Christian Wolff's diagnosis with a form of autism is at the center of "The Accountant." As an adult, Christian proves incredibly intelligent in his accounting work and is a highly skilled martial artist and marksman, but as methodical and obsessive as he was as a child, he insists to Dana that he feels compelled to finish his work auditing Living Robotics even after hitmen attack them.

"The Accountant" also reveals that Justine is in cahoots with Christian from her home at Harbor Neuroscience, communicating with him via a highly powerful computer that a software engineer visitor describes as sophisticated enough to hack the Pentagon. Her work with Christian helps fund Harbor Neuroscience, which seems to be thriving by the end of the movie.

"The Accountant" is not a feel-good movie, but it does show support for not placing low expectations on children on the autism spectrum. In one of the film's final scenes, the scientist at Harbor Neuroscience explains to the parents of a child with autism that they shouldn't place low expectations on their nonverbal son and that he could just not know how to communicate effectively. The next shot shows the son encountering Justine and her digitally powered speaking device, implying he could communicate the same way Justine learned to.

Does The Accountant set up a potential franchise?

The ending of "The Accountant" shows a thriving Harbor Neuroscience. Audiences learn through the investigation into Christian Wolff that he donates money to the institute, and the movie's last scene confirms that he works alongside Justine.
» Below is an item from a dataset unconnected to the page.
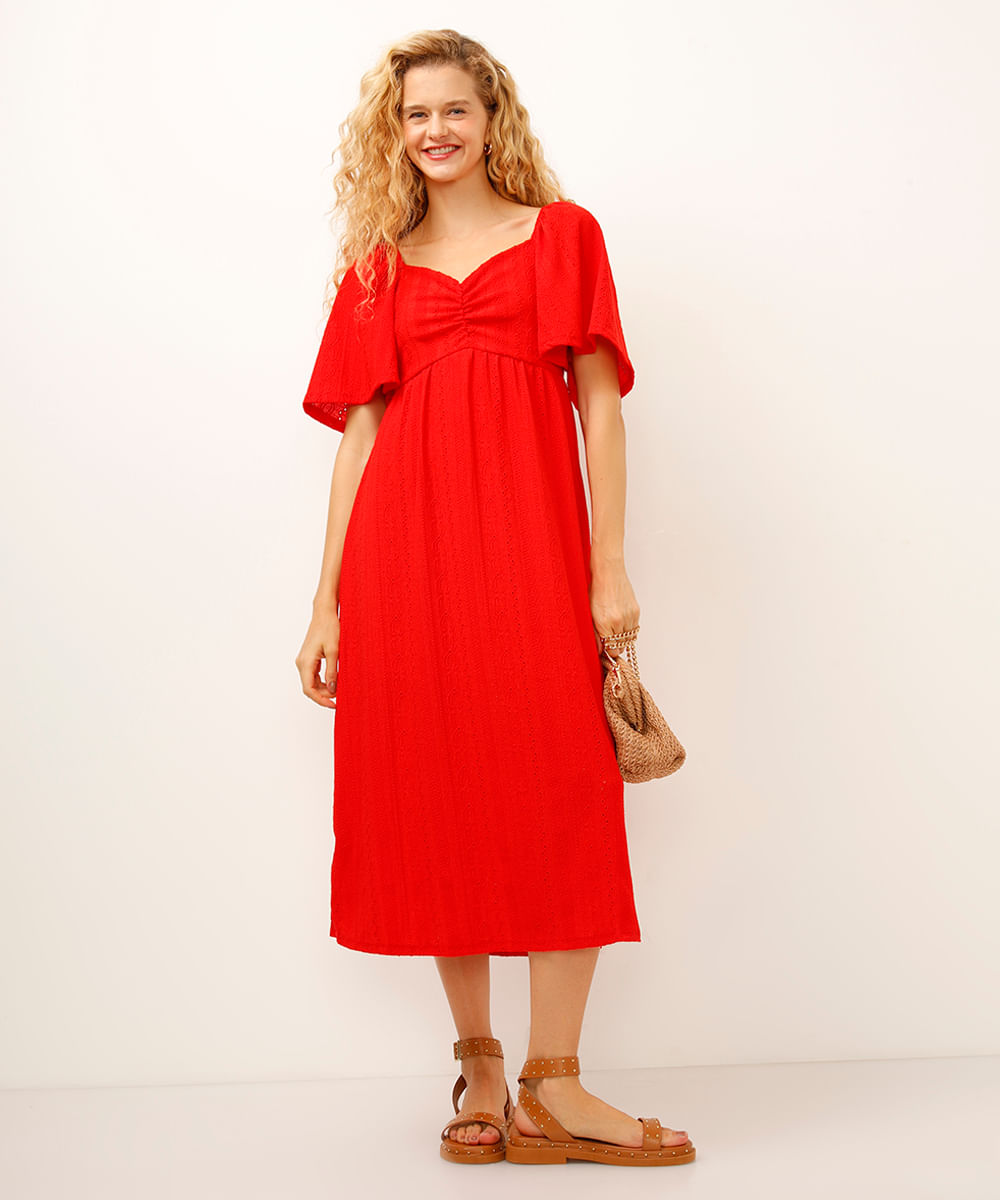 vestido midi de laise decote coração vermelho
As the parents consider having their son stay at the facility, audiences can see that its population has grown significantly since Christian's childhood, with dozens of children populating Harbor Neuroscience's grounds. With Christian, Dana, and Braxton all alive at the film's end, it's not impossible these characters could return in a sequel. In fact, director Gavin O'Connor confirmed that a sequel was greenlit in September 2021 during an interview with CinemaBlend.

O'Connor actually said that he wants to make two more "Accountant" movies and that future films will feature Braxton more significantly than the original. "So there'll be more screen time for Bernthal in the second one. And then the third movie's going to be, I call it, 'Rain Man on steroids,'" O'Connor told CinemaBlend. "The third movie is going to be the two brothers, this odd couple. The third one is going [to] be a buddy picture."

Given that it appears Marybeth takes over Ray's role at the Treasury Department, any future criminal accounting adventures Christian Wolff takes part in could be referred back to the government, creating a wide sandbox for O'Connor, Ben Affleck, and Jon Bernthal to play with for a sequel to "The Accountant."